Q: I'm looking for information regarding refineries' experiences handling ethanol-gasoline vapors from truck loading racks in their flare system. Also, the impact ethanol has in the operation of the wastewater treatment plant. In some systems, these vapors will mix with water (in headers, FGR units, Flare KO drums, sour water stripping units, etc.) and will end up in wastewater units. What steps have been taken to manage this situation?

A:

The answer to the question is that the data are extremely hard to find. I don't know of any sources.  I suspect that the reason that there is not any discussion out there is because it is a non-problem.

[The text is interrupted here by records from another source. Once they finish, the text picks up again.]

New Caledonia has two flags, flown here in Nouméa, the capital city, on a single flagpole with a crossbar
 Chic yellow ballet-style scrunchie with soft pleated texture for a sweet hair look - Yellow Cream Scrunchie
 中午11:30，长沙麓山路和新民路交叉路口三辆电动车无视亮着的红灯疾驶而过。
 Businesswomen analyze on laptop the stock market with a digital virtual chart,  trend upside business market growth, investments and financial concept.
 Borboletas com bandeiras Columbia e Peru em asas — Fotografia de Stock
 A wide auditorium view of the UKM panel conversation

Ethanol is miscible with water to 100%.  As such, it has a slight increase in the organic component of the demand, or the BOD, or COD, however you want to measure it. In a stripper the ethanol will be relatively dilute.  One gram of ethanol has a theoretical Oxygen Demand of 192/180 gm of Oxygen or about 1.05 gm/ gm. So while ethanol imposes a load on a wastewater treatment plant, in terms of increasing oxygen demand, it really does little else.  The bacteria in the wastewater treatment plant will enjoy an ethanol diet as long as it is not too strong (too strong in this case is in the 3%  or more range).  Verschuren's book on Environmental Data on Organic Chemicals indicates that toxicity to many organic organisms doesn't start until approximately 32,000 mg/l (3.2%). In a wastewater treatment system about 40% of it is destroyed in 24 hours.

So, don't worry about the effect of ethanol unless it is a really concentrated stream, and then you may have other problems.